* [Task objective]: Pictures excluded, reproduce exactly the lines below from the one with "cjonybab online show from 18, 11, 2025" through the one with "How to draw a basic cat sitting", both included.

* [Material provided]:
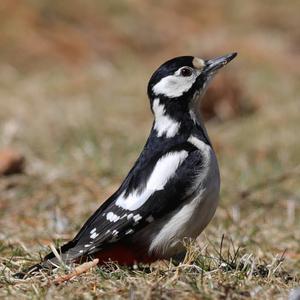 Great Spotted Woodpecker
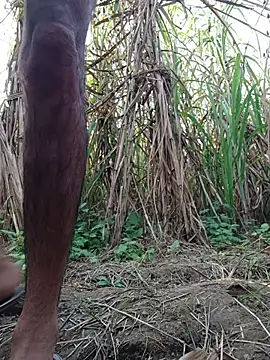 cjonybab online show from 18, 11, 2025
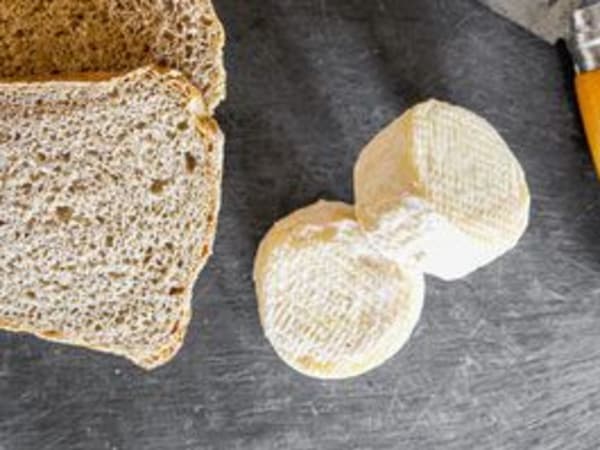 Taller de elaboración de queso de oveja de granja (09)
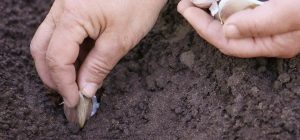 Коли садити часник на зиму у 2024 році: за місячним календарем і городніми прикметами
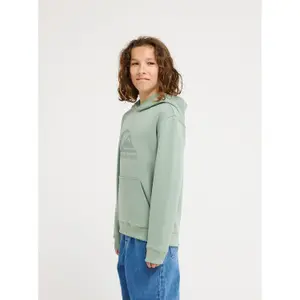 Child hoodie Quiksilver Comp Logo image-3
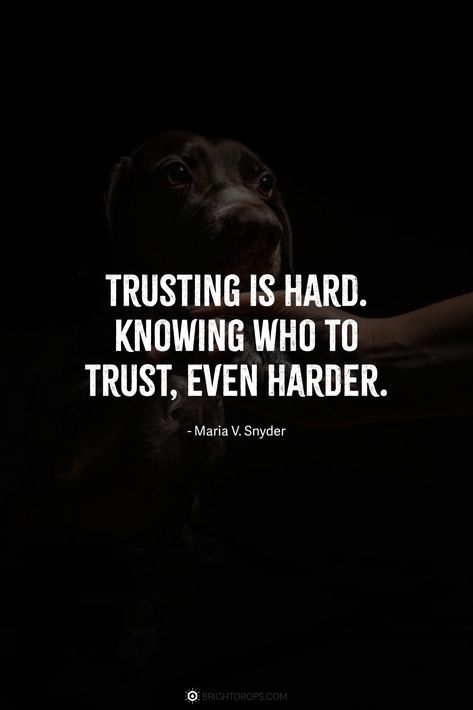 Trusting is hard. Knowing who to trust, even harder. Trusting Others Quotes, Can’t Trust Quotes, Trust Quotes In Hindi, Trustworthy Quotes, Quotes About Trust, Trusting Yourself, Communication Quotes, Jealousy Quotes, Sorry Quotes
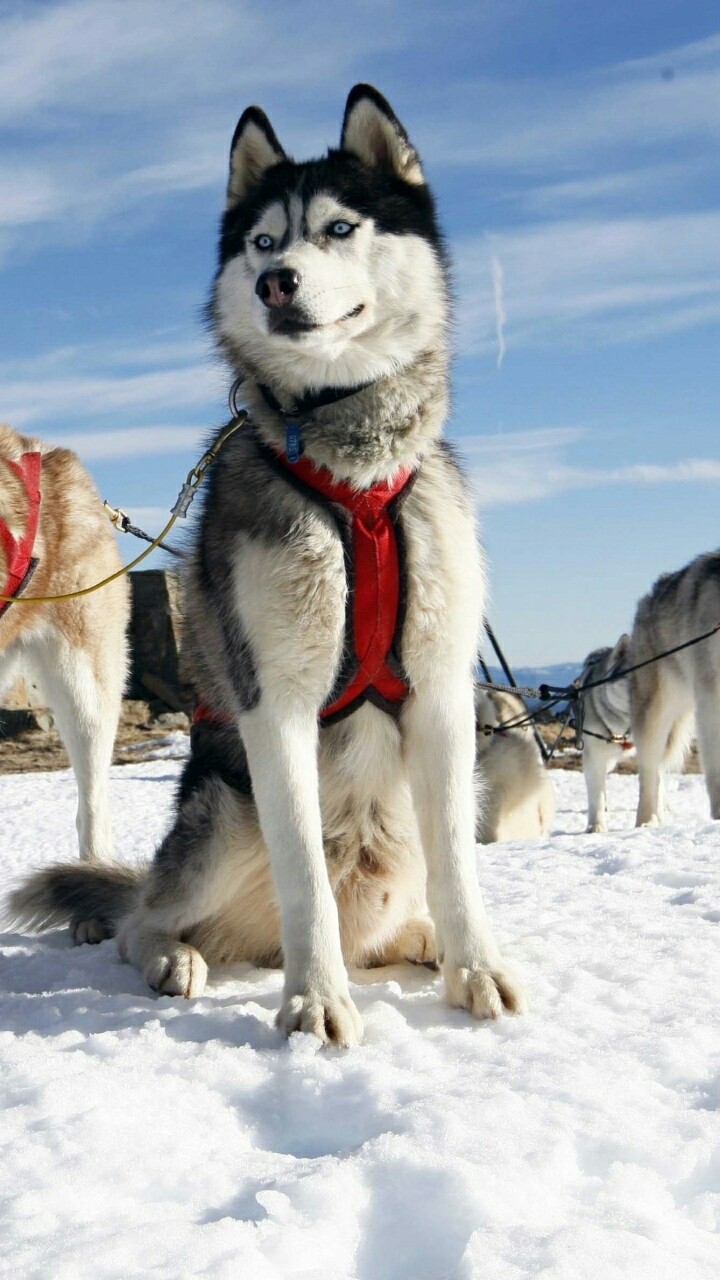 ❤️ ❤️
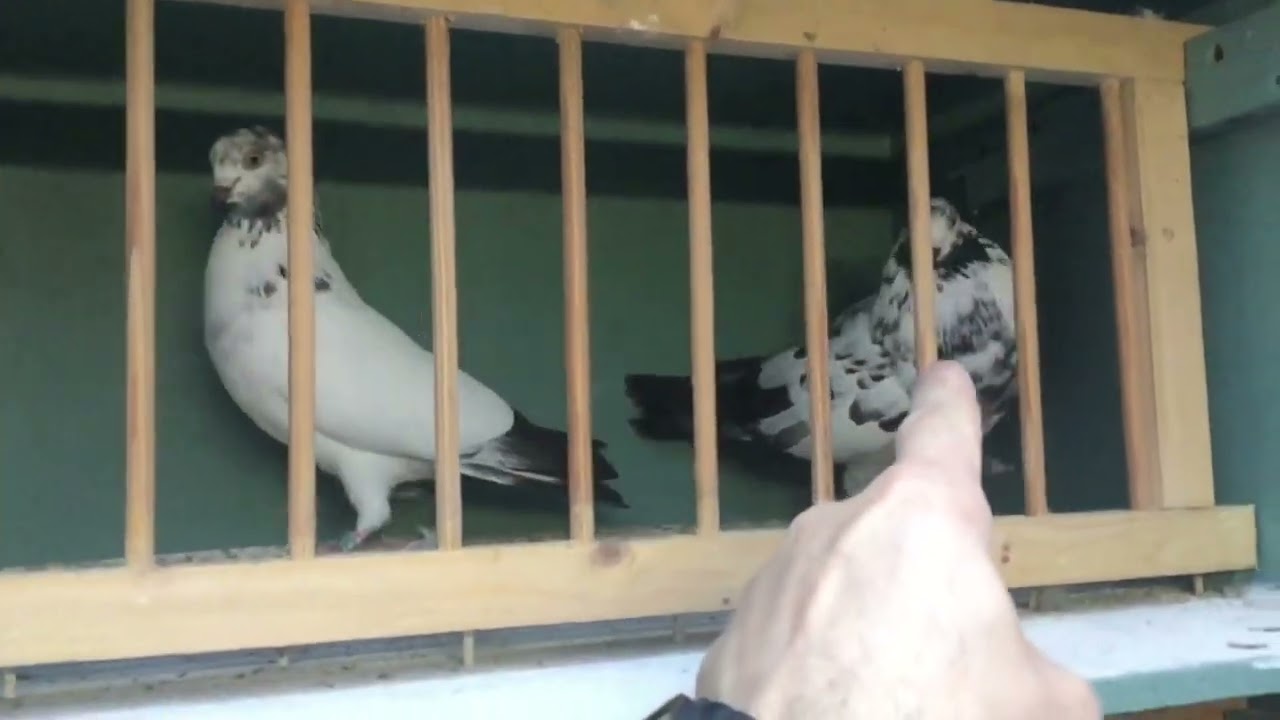 Checking in on the stock birds.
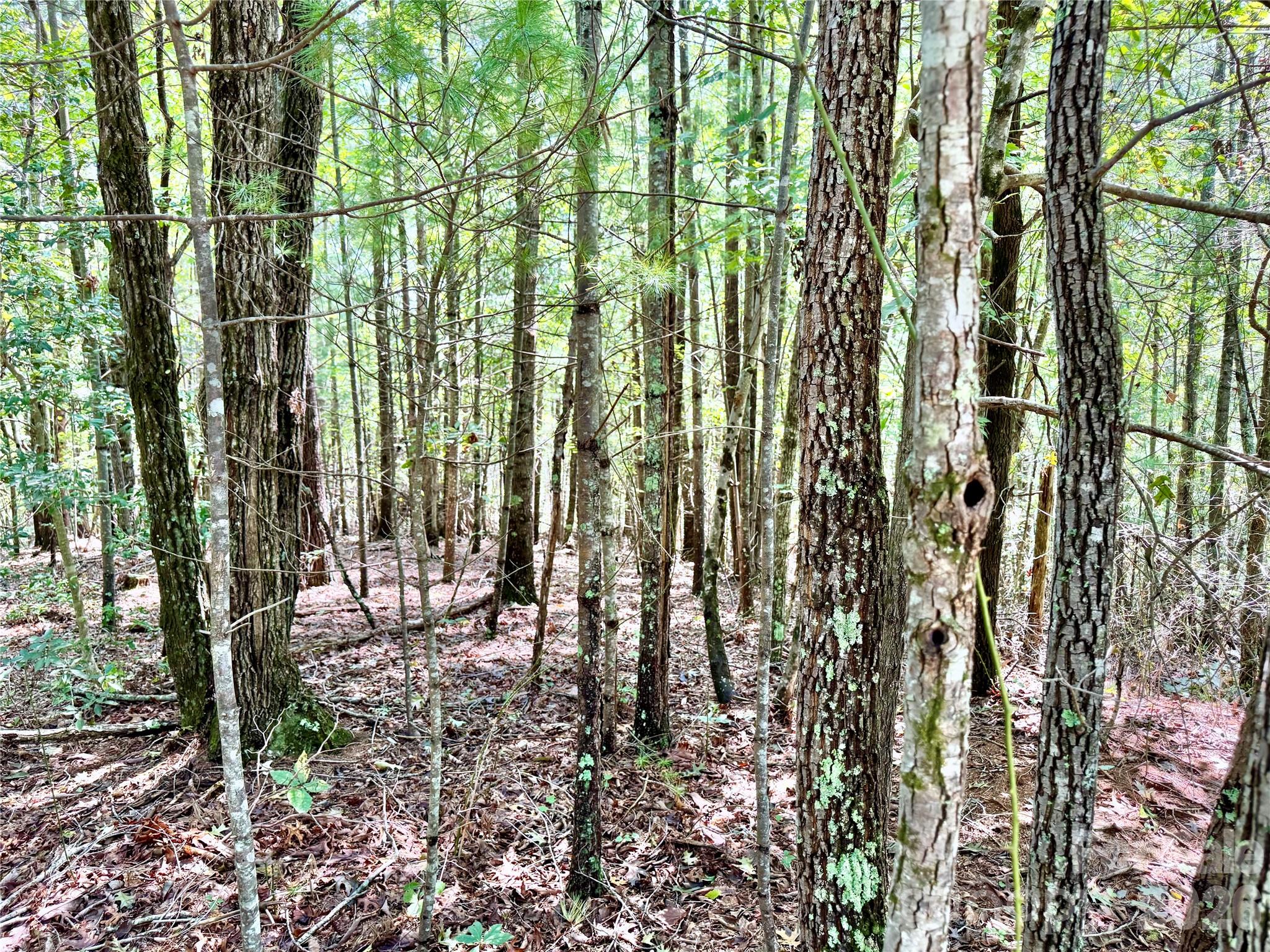 3.31 Acres, Lot 37 Poplar Bluff Drive 37 Property Photo 13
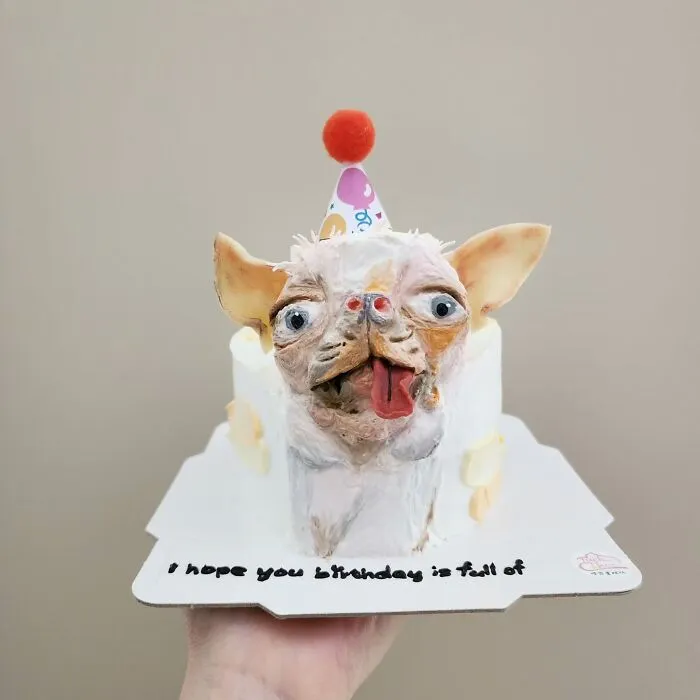 Artist Turns Pets Into Playful Cakes — And Here Are Their 80 Sweetest Creations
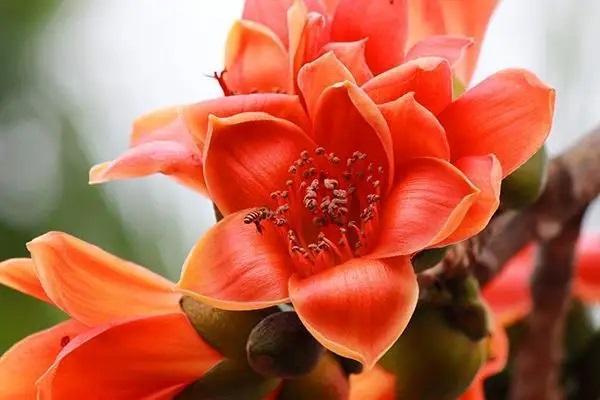 理財(cái)性質(zhì)的保險(xiǎn)退保怎么退款？能全額退款嗎？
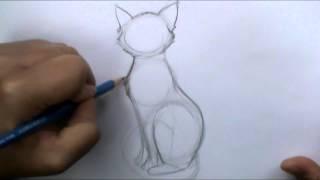 How to draw a basic cat sitting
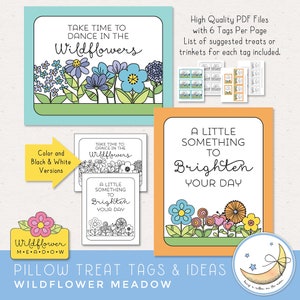 LDS Young Women Girls Camp Pillow Treat tags. Be of good cheer. Plant a little seed of faith in your heart. Take time to dance in the wildflowers. Every day is a fresh start. You cant grow without rain. A little something to brighten your day.
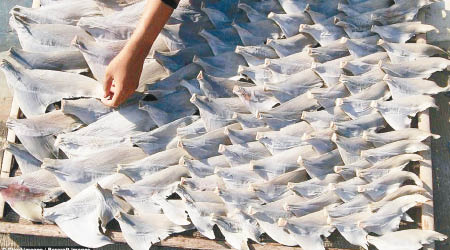 報道指印尼每年生產至少四百八十六噸風乾魚翅。（互聯網圖片）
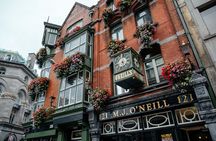 Full Coverage Dublin PRIVATE City Tour With Locals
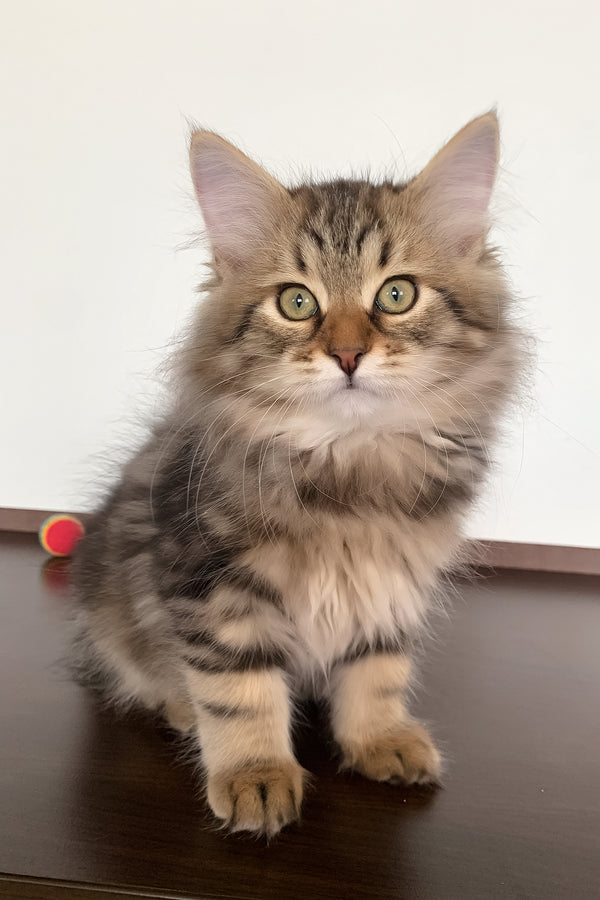 Sophia | Siberian Kitten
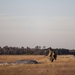 24th MEU MSPF Conducts Parachute Insertion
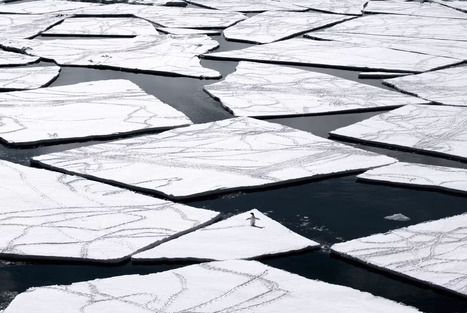 DURABILITES : La fonte des glaces de mer aura des répercussions sur toute la chaîne alimentaire  | DURABILITES | Scoop.it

* [Written solution]:
 cjonybab online show from 18, 11, 2025
 Taller de elaboración de queso de oveja de granja (09)
 Коли садити часник на зиму у 2024 році: за місячним календарем і городніми прикметами
 Child hoodie Quiksilver Comp Logo image-3
 Trusting is hard. Knowing who to trust, even harder. Trusting Others Quotes, Can’t Trust Quotes, Trust Quotes In Hindi, Trustworthy Quotes, Quotes About Trust, Trusting Yourself, Communication Quotes, Jealousy Quotes, Sorry Quotes
 ❤️ ❤️
 Checking in on the stock birds.
 3.31 Acres, Lot 37 Poplar Bluff Drive 37 Property Photo 13
 Artist Turns Pets Into Playful Cakes — And Here Are Their 80 Sweetest Creations
 理財(cái)性質(zhì)的保險(xiǎn)退保怎么退款？能全額退款嗎？
 How to draw a basic cat sitting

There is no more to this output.